One of her notable works from this period, "A Portrait of His Beautiful Blackness," was exhibited in the “Louisiana Contemporary” exhibition at the Ogden Museum of Southern Art in New Orleans. Her achievements include a solo show at the GW Carver Interpretive Museum in Dothan, Alabama, and winning the Bombay Sapphire Artisan Series New Orleans Regional, which led to her participation in Scope Art during Art Basel Miami. For the NOLA tricentennial, Lammie-Hanson created 22 silverpoints, which were highlighted in the Times-Picayune and the book "300 for 300." She also produced 25 contemporary silverpoint portraits for the Essence Music Festival’s 25th anniversary, sponsored by Arts New Orleans.

 

In 2021, she joined the Hyde Park Art Center's prestigious Center Program, producing four large silverpoints, each 4 feet by 4 feet. One piece, "Dear Beautiful Black Boy," was acquired by the Hilliard Art Museum in Lafayette, Louisiana, marking her as the first living artist in their permanent collection.
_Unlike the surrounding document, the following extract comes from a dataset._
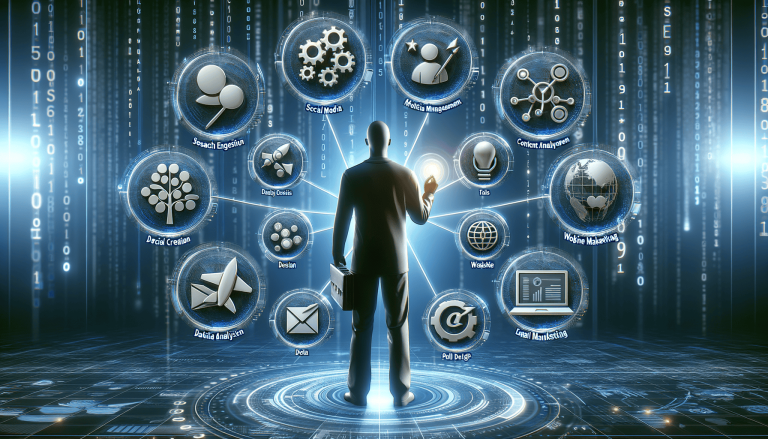 Man selecting digital marketing services from holographic interface.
In 2022-23, during her residency at Little Black Pearl in Chicago, she created the world’s largest silverpoint drawing exploring the Black narrative, Dared to Be Black and Shining (8 by 12 feet), which premiered at the Chicago Art Dept. The monumental work depicts a day in the life of Harlem, telling the story of Lammie-Hanson’s childhood hometown.

​In April 2024, Lammie-Hanson’s first goldpoint piece, Exhilaration, was chosen for "The Common Threads that Bind Us" exhibit with Knowhere Art Gallery (Martha’s Vineyard) at the “Personal Structures” exhibition during the 60th Venice Biennale in Italy. Her second metalpoint series, Indigo Seven: Gilded Agility, which features goldpoint renderings of professional dancers' musculature on indigo substrates, debuted at the International Museum of Surgical Science in Chicago in June 2024.

During her working artist residency at Northeastern Illinois University (NEIU) in Fall 2025, D. Lammie-Hanson began a new project in 14K Goldpoint on indigo, expanding her ongoing Indigo Seven Series. The work, titled The Cathedral of Alvin, is a monumental 8 ft × 12 ft drawing depicting the three suites of Alvin Ailey’s Revelations. Initiated during the residency, the piece captures the spiritual movement of Ailey’s choreography in luminous gold on deep indigo. The interior setting of the drawing is modeled after the St. John the Divine Cathedral in New York City, evoking the grandeur and sacred architecture of the space. She is completing this ambitious work in 2026 at her studio at Hyde Park Art Center, continuing to explore the intersection of dance, divinity, and the transformative power of goldpoint.